• bert1
    2k

    Yeah, I'm not going to read all that. I've read things people have suggested before on consciousness and it hasn't helped. Most notably Tononi on the IIT theory, which is just another kind of functionalism. It's interesting but irrelevant. Please would you:

    1) Select two of those that you think are most relevant and I'll have a look
    2) Summarise in your own words 'How it is achieved'
  • bert1
    2k
    But they are given general anesthetic for certain surgeries, and we bury them when they are dead because we don't think they will mind -- are no longer 'conscious.'green flag

    I think this is muddled. It's not consciousness that ceases, but the self.
  • Michael
    15.6k
    As I see it, the problem is assuming some kind of a dualism and then 'deriving' some limitation of science.green flag

    It’s not a case of assuming dualism, just as it’s not a case of assuming materialism on the other side.

    It’s the case that either one finds a physicalist account of one’s first person experiences convincing or one doesn’t.
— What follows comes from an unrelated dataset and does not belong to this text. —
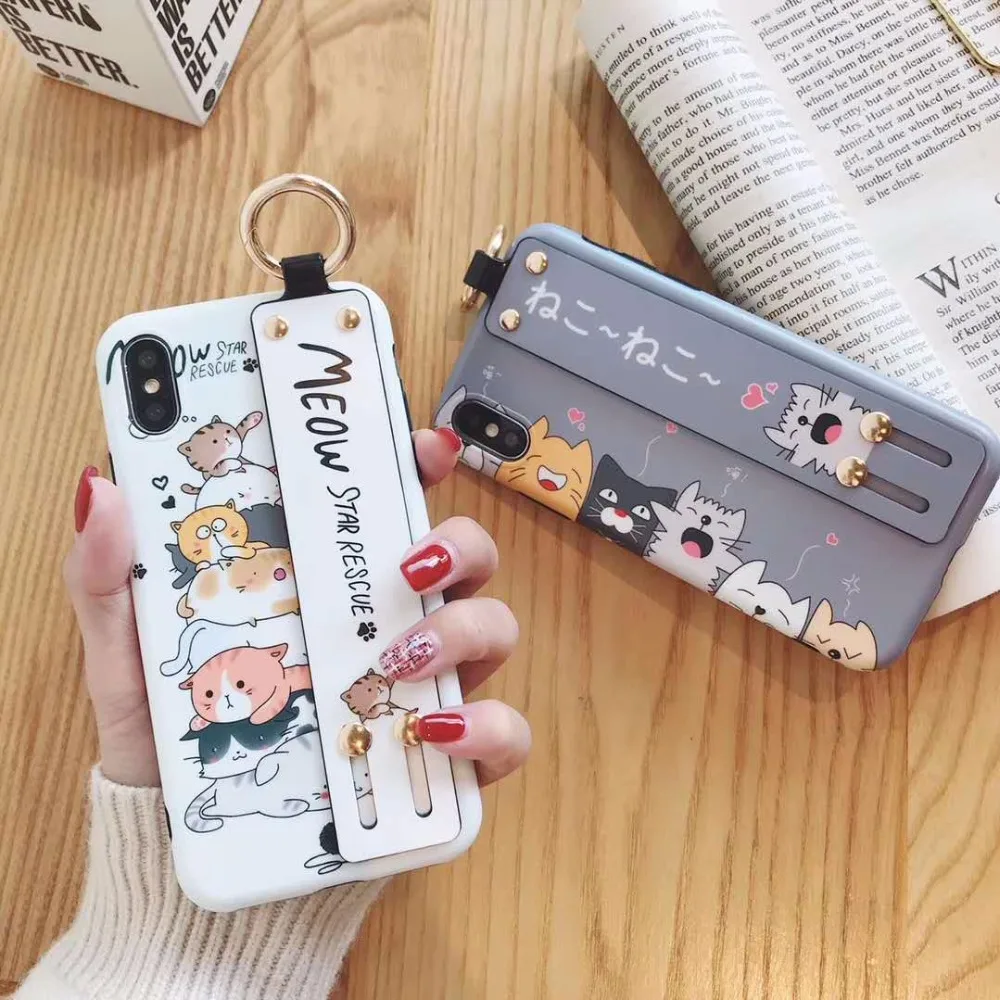 Cartoon cat wrist strap is for iPhone 6 6plus 7 7plus mobile phone case x back cover |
And I’m not convinced by the claim that my first person experience of pain just is some particular arrangement of atoms (and other particles).

    It might be that my first person experience of pain depends on and is caused by such an arrangement of atoms, but it doesn’t then follow that they are one-and-the-same.
  • plaque flag
    2.7k
    I’m not convinced by the claim that my first person experience of pain just is some particular arrangement of atoms (and other particles).Michael

    Neither am I. I don't think 'pure' matter is anymore intelligible than 'pure' mind.

    We live together in something like a lifeworld with includes claims about that world and norms for rational discussion. I suggest that first-person talk be examined in the light of the social role it plays.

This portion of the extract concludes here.